RECORDS SUPPLIED
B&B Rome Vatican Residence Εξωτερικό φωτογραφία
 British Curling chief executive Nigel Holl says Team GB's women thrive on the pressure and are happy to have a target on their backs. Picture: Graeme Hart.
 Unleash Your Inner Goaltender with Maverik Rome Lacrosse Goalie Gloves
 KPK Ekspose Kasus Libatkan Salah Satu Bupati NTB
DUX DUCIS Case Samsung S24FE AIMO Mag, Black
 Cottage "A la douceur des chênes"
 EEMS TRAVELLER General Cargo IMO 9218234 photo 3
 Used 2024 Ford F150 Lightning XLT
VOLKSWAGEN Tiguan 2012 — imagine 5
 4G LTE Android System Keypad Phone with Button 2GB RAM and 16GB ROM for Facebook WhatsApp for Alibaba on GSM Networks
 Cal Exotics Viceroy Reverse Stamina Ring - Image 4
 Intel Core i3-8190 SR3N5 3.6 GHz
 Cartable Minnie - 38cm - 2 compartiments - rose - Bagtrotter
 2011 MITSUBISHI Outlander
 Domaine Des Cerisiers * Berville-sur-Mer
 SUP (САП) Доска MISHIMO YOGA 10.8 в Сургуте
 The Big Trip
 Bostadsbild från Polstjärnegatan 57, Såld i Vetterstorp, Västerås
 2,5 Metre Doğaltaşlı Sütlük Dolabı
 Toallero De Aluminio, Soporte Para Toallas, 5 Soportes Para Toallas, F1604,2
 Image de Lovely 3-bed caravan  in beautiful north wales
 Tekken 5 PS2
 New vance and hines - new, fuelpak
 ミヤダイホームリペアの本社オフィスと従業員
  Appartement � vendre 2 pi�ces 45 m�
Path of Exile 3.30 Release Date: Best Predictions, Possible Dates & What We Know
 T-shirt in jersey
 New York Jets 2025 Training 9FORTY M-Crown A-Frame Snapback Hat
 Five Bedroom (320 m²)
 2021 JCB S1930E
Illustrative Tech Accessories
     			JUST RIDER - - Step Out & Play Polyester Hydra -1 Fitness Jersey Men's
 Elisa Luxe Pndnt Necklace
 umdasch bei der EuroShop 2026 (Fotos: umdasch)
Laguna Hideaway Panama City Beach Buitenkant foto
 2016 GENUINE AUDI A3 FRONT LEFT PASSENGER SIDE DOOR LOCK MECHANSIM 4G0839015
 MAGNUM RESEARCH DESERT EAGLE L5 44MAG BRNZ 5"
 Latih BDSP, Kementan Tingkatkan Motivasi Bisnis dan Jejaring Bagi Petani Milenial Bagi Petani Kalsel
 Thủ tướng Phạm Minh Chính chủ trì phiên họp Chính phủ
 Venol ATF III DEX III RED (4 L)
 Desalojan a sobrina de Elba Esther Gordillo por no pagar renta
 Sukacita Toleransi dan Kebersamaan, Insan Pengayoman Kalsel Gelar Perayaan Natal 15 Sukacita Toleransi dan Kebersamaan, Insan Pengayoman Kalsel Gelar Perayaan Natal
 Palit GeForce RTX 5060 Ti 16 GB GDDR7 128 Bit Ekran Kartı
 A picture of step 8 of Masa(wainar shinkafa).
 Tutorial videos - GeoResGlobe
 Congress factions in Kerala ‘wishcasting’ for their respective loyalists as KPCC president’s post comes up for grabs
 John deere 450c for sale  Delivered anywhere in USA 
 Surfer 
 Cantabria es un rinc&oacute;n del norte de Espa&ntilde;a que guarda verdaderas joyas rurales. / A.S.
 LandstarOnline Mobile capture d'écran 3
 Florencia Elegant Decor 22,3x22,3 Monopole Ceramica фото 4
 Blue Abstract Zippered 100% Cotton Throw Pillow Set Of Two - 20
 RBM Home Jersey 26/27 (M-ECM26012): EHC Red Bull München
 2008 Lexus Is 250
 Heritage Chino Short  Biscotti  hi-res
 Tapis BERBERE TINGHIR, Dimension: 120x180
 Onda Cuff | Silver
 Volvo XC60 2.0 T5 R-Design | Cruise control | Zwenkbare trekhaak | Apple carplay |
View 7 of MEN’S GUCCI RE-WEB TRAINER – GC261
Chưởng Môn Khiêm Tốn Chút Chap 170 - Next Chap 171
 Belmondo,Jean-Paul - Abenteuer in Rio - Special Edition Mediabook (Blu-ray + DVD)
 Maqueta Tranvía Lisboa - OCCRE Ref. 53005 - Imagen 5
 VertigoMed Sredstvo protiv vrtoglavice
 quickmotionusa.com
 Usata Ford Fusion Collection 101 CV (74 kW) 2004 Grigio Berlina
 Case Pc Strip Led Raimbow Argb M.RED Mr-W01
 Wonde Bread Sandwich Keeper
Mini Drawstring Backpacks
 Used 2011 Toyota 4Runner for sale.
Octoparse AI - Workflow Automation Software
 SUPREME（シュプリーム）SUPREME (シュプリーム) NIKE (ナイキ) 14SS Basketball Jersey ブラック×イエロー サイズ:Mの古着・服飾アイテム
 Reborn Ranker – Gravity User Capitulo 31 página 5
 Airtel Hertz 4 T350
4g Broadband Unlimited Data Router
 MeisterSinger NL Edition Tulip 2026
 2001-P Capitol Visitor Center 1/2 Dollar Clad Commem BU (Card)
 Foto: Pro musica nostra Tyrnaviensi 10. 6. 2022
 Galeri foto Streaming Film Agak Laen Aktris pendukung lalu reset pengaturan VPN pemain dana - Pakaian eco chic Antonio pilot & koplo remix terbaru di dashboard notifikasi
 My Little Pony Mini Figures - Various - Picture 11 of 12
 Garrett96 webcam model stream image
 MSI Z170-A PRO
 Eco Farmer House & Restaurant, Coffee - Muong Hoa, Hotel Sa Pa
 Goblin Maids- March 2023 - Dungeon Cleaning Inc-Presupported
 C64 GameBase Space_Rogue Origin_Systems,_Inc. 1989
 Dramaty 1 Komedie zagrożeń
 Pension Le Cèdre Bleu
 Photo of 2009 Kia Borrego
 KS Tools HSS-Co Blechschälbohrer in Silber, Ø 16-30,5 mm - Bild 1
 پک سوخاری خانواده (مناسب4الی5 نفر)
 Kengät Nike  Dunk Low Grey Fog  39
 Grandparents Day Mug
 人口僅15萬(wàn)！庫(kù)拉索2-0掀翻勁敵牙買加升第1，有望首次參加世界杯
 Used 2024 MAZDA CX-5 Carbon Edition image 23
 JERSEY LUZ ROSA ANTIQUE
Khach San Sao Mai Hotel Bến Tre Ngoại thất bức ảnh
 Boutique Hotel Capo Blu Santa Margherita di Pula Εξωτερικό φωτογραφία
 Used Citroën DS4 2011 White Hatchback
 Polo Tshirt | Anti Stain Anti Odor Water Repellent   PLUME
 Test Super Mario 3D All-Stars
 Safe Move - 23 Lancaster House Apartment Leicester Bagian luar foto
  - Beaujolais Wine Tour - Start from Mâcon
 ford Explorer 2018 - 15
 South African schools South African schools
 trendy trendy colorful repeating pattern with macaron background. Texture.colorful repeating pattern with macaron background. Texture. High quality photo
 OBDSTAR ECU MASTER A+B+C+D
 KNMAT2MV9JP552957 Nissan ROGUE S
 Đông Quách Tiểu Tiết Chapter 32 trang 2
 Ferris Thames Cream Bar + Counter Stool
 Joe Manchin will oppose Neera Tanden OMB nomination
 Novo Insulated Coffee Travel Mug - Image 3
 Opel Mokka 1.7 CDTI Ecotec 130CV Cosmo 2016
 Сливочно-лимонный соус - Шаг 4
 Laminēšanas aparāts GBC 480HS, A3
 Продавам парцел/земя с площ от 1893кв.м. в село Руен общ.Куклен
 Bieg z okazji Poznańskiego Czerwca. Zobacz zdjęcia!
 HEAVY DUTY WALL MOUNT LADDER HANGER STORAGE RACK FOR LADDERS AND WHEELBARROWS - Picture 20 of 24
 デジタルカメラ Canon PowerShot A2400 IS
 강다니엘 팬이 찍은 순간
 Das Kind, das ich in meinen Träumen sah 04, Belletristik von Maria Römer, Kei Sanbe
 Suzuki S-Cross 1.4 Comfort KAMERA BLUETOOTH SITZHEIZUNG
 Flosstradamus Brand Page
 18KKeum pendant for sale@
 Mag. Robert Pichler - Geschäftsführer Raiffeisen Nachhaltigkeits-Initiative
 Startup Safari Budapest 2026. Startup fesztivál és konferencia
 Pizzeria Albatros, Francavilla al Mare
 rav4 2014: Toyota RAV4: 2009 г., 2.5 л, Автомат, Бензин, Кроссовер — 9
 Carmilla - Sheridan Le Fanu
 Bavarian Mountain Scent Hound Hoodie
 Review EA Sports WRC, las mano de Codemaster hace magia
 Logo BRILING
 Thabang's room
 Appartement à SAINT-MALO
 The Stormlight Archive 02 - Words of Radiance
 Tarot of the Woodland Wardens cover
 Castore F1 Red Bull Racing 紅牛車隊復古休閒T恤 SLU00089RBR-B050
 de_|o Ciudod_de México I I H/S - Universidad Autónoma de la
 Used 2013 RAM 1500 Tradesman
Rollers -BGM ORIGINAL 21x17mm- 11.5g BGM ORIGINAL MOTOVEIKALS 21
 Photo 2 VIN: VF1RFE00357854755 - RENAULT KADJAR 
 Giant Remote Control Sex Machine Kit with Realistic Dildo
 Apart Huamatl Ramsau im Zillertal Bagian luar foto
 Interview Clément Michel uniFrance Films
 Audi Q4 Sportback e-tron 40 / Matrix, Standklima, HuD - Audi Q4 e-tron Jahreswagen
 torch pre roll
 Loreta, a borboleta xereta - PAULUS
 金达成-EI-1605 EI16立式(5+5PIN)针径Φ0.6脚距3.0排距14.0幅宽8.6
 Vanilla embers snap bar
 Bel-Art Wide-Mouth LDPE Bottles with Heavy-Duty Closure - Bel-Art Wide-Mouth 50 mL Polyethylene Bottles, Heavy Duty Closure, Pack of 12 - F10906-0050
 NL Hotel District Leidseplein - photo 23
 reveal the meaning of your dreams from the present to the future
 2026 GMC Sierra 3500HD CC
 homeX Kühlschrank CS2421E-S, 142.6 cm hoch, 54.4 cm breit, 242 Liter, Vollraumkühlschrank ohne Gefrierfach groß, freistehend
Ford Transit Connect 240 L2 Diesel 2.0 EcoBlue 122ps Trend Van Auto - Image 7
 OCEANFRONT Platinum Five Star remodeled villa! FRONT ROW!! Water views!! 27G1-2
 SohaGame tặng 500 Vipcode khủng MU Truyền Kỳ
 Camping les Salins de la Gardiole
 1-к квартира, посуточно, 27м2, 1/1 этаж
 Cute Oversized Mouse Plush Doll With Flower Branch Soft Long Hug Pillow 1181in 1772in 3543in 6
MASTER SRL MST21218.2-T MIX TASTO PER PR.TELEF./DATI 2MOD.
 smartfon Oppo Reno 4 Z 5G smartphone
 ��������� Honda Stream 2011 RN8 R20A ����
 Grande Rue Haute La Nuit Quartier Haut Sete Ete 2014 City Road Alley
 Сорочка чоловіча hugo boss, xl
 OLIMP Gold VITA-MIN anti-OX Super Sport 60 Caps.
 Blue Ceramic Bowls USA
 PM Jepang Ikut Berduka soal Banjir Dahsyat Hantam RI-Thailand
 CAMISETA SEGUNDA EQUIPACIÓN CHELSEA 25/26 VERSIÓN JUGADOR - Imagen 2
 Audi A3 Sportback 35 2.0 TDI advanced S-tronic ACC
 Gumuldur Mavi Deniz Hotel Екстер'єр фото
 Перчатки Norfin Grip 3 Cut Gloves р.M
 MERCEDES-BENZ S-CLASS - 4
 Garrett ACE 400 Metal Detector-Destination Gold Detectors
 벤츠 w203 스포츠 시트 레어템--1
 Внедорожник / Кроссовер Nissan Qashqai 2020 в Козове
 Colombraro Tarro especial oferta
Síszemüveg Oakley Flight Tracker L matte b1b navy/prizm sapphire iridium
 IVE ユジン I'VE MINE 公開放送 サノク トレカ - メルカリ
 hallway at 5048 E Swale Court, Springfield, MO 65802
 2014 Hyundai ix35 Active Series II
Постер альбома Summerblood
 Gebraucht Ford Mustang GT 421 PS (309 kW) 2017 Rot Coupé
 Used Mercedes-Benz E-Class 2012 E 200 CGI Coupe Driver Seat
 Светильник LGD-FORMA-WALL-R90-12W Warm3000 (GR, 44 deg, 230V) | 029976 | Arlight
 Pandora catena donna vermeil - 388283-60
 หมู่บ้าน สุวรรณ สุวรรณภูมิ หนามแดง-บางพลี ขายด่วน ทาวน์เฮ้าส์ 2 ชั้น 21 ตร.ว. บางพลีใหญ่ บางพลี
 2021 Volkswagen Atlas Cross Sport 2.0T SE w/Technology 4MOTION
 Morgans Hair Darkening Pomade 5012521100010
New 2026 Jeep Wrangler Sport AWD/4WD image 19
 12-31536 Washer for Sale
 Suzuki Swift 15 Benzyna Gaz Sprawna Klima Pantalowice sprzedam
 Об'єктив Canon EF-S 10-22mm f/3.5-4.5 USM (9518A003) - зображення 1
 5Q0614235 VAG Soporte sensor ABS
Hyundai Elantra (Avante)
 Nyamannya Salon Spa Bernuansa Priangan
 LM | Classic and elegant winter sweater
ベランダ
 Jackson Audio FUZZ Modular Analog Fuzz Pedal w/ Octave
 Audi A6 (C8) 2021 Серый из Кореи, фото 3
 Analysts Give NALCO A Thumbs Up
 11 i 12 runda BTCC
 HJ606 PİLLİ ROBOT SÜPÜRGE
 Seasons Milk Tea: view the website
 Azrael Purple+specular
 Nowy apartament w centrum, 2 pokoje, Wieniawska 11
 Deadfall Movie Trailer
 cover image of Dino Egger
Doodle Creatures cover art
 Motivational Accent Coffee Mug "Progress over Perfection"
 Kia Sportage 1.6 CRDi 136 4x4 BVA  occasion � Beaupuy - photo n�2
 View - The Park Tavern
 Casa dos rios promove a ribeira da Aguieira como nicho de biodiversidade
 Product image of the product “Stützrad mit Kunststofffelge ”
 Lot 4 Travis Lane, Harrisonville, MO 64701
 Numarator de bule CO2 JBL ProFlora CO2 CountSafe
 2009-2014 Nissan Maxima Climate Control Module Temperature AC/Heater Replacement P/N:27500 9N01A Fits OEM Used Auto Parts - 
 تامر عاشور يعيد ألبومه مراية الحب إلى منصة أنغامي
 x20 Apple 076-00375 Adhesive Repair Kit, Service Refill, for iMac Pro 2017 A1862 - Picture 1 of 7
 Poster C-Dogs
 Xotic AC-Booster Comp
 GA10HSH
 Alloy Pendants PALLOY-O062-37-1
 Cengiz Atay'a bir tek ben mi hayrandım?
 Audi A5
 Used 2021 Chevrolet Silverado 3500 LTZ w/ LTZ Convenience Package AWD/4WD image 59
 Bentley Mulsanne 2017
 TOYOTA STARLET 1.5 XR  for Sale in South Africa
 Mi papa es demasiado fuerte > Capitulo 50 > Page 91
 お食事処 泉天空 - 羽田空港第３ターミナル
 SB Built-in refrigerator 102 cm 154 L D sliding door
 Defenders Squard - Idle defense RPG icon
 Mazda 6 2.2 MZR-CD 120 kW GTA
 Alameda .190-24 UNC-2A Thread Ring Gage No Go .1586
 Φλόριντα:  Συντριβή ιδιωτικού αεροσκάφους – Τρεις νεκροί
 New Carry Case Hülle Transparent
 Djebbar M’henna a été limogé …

WORK REQUEST
Everything from the line containing "Mazda 6 2.2 MZR-CD 120 kW GTA" through the last line of the listing must be reproduced exactly, and no other line.

RESPONSE AREA
 Mazda 6 2.2 MZR-CD 120 kW GTA
 Alameda .190-24 UNC-2A Thread Ring Gage No Go .1586
 Φλόριντα:  Συντριβή ιδιωτικού αεροσκάφους – Τρεις νεκροί
 New Carry Case Hülle Transparent
 Djebbar M’henna a été limogé …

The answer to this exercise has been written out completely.